In today’s political universe principles have been suborned by partisanship, “facts” are mutilated in the service of self-interest, and “truth” has been weaponized in the service of greed and power. The creative post-modern take that truth and objectivity are impossible to fully know because they can only be apprehended from within the confines of one’s own subjective mind has been perverted. Instead of post-modernism’s disciplining reminder that while there may be a “there” there, we can never fully know it, now we are led to believe that there is no longer even a “there” there. The only “there” that is there is the one constructed by the needs of our own subjective convenience.

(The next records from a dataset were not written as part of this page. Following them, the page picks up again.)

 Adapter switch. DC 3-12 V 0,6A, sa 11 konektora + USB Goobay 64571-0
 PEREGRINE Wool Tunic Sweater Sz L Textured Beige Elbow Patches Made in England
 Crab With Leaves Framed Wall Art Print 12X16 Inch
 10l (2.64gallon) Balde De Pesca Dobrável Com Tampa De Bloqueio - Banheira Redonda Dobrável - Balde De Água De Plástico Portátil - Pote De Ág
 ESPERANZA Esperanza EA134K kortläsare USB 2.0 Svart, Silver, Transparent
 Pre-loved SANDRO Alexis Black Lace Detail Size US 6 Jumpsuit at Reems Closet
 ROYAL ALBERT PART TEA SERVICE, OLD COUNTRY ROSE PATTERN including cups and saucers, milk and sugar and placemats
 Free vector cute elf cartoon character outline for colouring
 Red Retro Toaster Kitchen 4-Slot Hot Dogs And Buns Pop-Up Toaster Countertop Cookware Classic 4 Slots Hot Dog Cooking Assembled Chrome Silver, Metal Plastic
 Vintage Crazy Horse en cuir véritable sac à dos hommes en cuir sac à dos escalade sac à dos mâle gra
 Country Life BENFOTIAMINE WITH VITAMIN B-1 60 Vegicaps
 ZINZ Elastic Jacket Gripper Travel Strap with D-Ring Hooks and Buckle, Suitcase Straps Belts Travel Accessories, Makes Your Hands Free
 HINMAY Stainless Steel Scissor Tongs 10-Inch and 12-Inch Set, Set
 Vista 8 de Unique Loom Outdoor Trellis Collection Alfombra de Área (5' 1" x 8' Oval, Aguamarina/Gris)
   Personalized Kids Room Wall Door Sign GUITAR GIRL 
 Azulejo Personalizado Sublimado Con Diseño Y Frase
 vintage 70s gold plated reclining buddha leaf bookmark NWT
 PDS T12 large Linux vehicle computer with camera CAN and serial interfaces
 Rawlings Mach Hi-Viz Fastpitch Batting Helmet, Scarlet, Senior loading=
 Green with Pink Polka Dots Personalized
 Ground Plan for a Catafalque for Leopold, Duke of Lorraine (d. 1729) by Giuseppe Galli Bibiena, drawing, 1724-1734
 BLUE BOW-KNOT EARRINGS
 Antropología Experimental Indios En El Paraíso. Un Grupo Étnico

In this regard, it isn’t really accurate to call Trump a liar. Liars know what is true, and they willfully deceive. Liars, in other words, understand that there is a “there”, there. By definition Trump is incapable of lying because he does not admit the existence of a truth that he then hides or distorts by way of deceit. The only world he knows is the one that lies within the bounds of his own self-interested solipsism.

Comey is dangerous to Trump because Comey wants to have a relationship with truth. While one senses that he understands that truth can only be asymptotically approached, he nevertheless finds it meaningful to try to approach it. In this regard, the Comey-Trump showdown  more parallels that between Galileo and the church than it does Henry II and Becket. Galileo was convicted of heresy in 1633 for his understanding that the earth was not the center of the universe. With this meddlesome “fact” he challenged the idea that man, and his god, were the center of the universe. He, like Comey, confronted, through his will to know what was true, the narcissism of his time.

Narcissism, in its essence, involves colonizing truths, facts and objectivities that lie outside one’s self with the subjectivity of one’s own mind. Narcissism suborns reality, or what is true, with self-interested subjectivity, or what we wish to be true. Facts, science, curiosity, open-mindedness – all things that involve a commitment to learning about truth – are narcissism’s kryptonite. Comey, as the embodiment of this kryptonite, is more than meddlesome to Trump. He is a dangerous and potentially lethal threat.